# Insurance R33 GTS - T (21 years old)



## Robertlloyd09 (Feb 21, 2015)

New to this. 
Looking into buying a R33 GTS - T.
21 years old 2 years no claims, been quoted £2500 from Adrian flux. Surprised I'd even get insured to be fair but that's around the price I'm willing to pay.
Tried A-plan, direct line (wouldn't insure me) waiting to hear back from green light and admiral.
Any other insurance companies that I could try? And has anyone had any experience with Adrian flux? 
Cheers Rob.


----------



## Saifskyline (May 19, 2013)

Hey Rob, have to tried Elephant? check out their online website for a price should be cheaper I think. 

Also try Sky


----------



## Adrian Flux Insurance Services (Nov 1, 2010)

Hi,
I'm glad we were able to offer you a competitive premium.

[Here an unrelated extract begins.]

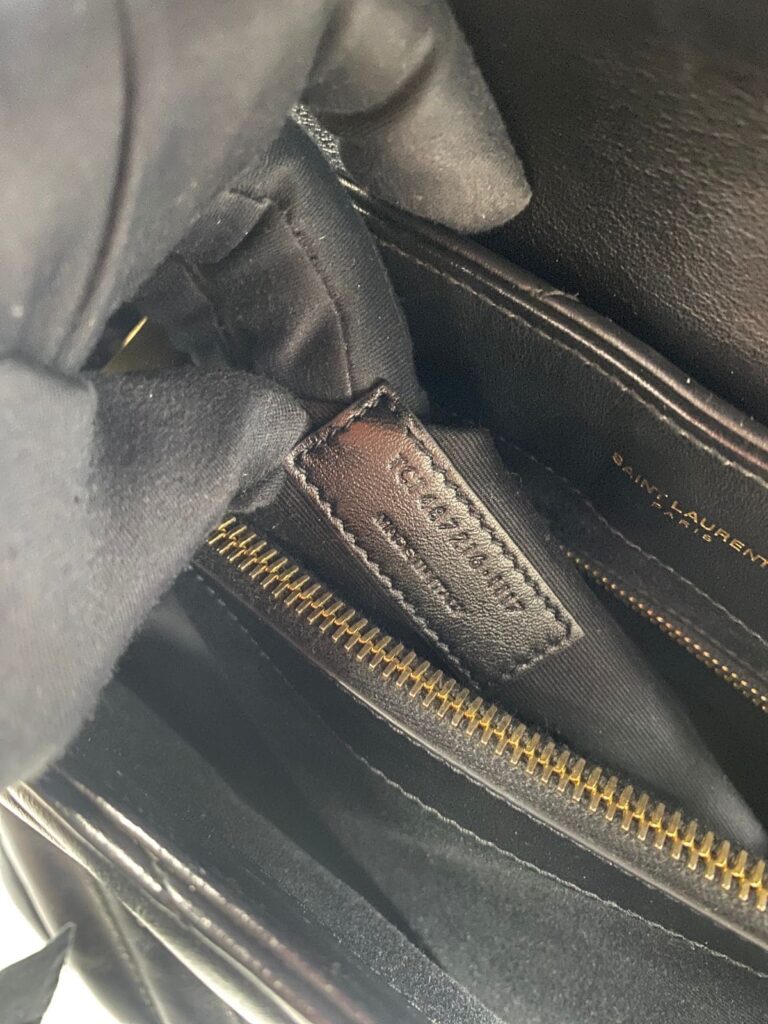 Lou Lou Medium Black GHW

If you have any questions or ever need any help with insurance then please feel free to drop me a line.
Regards,
Dan.


----------



## MS33 (Jun 27, 2007)

Try Classicline insurance, I'm quite a bit older, but, I pay £340 inc agreed value, like for like parts, all mods declared.. They've always come out on top against all other companies.


----------



## LiamGTR (Nov 26, 2006)

Willing to pay £2,500 for car insurance!?!? For the sake of it, get a quote on a R32 GTR as well..?


----------